Analysis

Setup

library(tidyverse) # load tidyverse package
── Attaching core tidyverse packages ──────────────────────── tidyverse 2.0.0 ──
✔ dplyr     1.1.4     ✔ readr     2.1.5
✔ forcats   1.0.0     ✔ stringr   1.5.1
✔ ggplot2   3.5.1     ✔ tibble    3.2.1
✔ lubridate 1.9.4     ✔ tidyr     1.3.1
✔ purrr     1.0.2     
── Conflicts ────────────────────────────────────────── tidyverse_conflicts() ──
✖ dplyr::filter() masks stats::filter()
✖ dplyr::lag()    masks stats::lag()
ℹ Use the conflicted package (<http://conflicted.r-lib.org/>) to force all conflicts to become errors
library(plotly) # load other neccessary packages

Attaching package: 'plotly'
The following object is masked from 'package:ggplot2':

    last_plot
The following object is masked from 'package:stats':

    filter
The following object is masked from 'package:graphics':

    layout
library(ggplot2)
library(dplyr)
library(htmlwidgets)
load("data/video_game_cleaned.RData")  # import the cleaned dataset

Data Analysis

Q2. What are the top 20 games in the shooter genre?

top_shooter<- df_clean|>
  filter(genre== "Shooter")|> # filter to ensure the calculation only focus on the shooter genre
  group_by(name)|>
  summarise(shooter_rank=sum(total_sales))|>
  arrange(-shooter_rank)|>
  head(20) |> # only look at the top 20 games 
  ggplot(aes(x = reorder(name, shooter_rank), y = shooter_rank, fill = shooter_rank))+
  geom_col()+
  labs(title ="Top 20 Game in Shooter Genre",
       x = "Game",
       y = "Global sales of copies in millions",
       caption = "Source: Kaggle | Author: Shen Chon Wun")+
  theme_light()+
  coord_flip()+
  scale_fill_gradient(low="#F4F8D3",
                      high = "#73C7C7")

ggplotly(top_shooter)

Q3. Are certain genres dominant in specific regions (e.g., RPGs in Japan, shooters in North America)?

# group and summarise sales
genre_sales <- df_clean |>
  group_by(genre) |>
  summarise(na_sales = sum(na_sales, na.rm = TRUE), # calculate total sales for each region
            jp_sales = sum(jp_sales, na.rm = TRUE),
            ea_sales = sum(ea_sales, na.rm = TRUE),
            other_sales = sum(other_sales, na.rm = TRUE))

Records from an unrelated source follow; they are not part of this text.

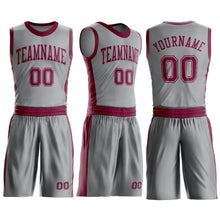 Laden Sie das Bild in den Galerie-Viewer, Custom Gray Maroon Round Neck Suit Basketball Jersey
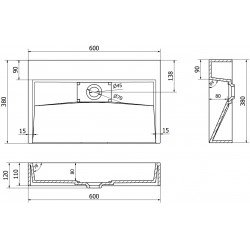 Mexen Ava  Lavoar pe blat  kompozit B/O 60 x 38 cm,  negru - 23016070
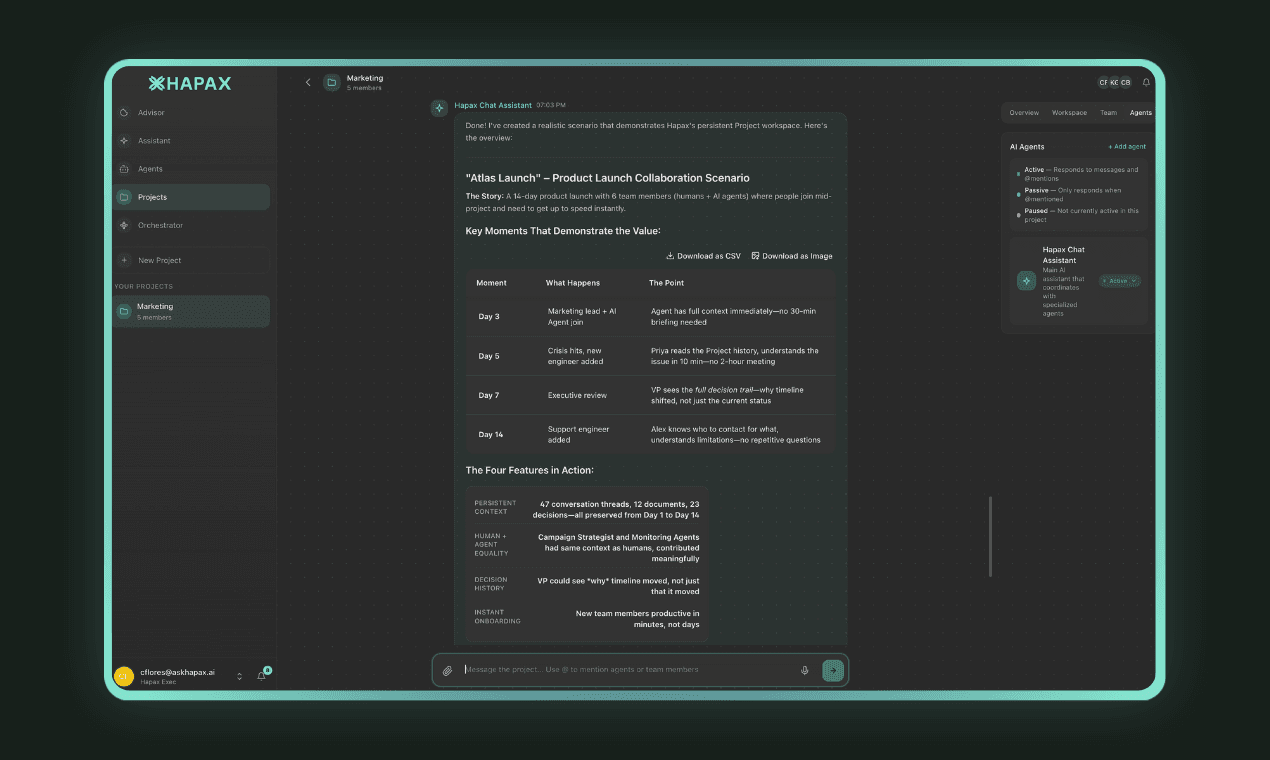 Project workspace with accumulated context and agent contributions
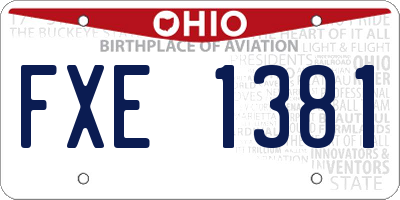 OH license plate FXE1381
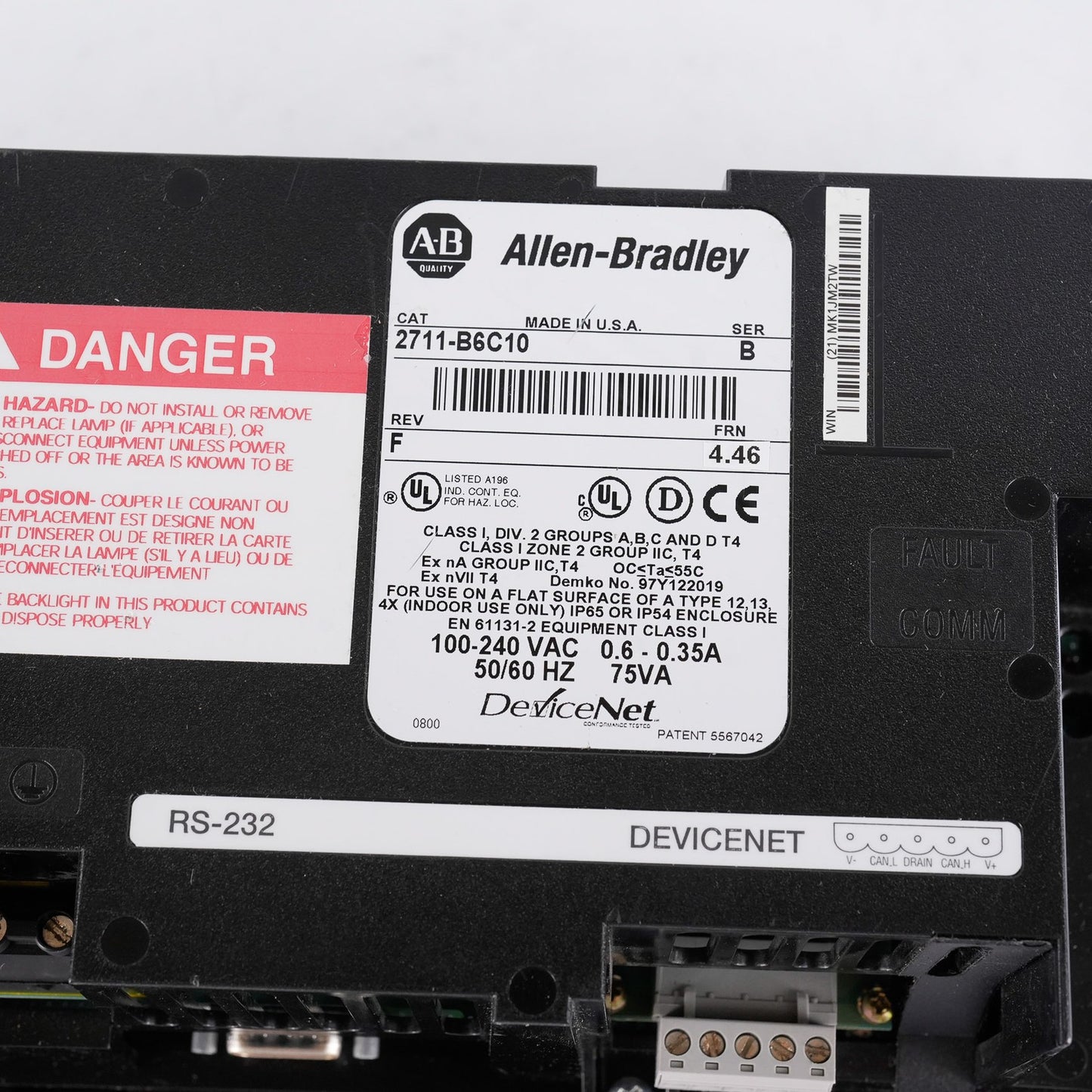 Allen Bradley 2711-B6C10 /B Rev F FRN 4.46 PanelView 600 Display Terminal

# transform the data from wide to long format (only used for this question)
genre_sales_long <- genre_sales |>
  pivot_longer(cols = c(na_sales, jp_sales, ea_sales, other_sales), # select the specific the columns
               names_to = "region", # create new column that contain the names of the specific region
               values_to = "sales") # create new column that contain corresponding sales value

# calculating sales percentage
genre_sales_percent <- genre_sales_long |>
  group_by(region) |>
  mutate(
    total_sales = sum(sales),
    percentage = sales / total_sales * 100
  ) |>
  ungroup() # remove the grouping

# replace the region name
genre_sales_percent <- genre_sales_percent |>
  mutate(region = recode(region,
                         na_sales = "North America",
                         jp_sales = "Japan",
                         ea_sales = "Europe & African",
                         other_sales = "Other"))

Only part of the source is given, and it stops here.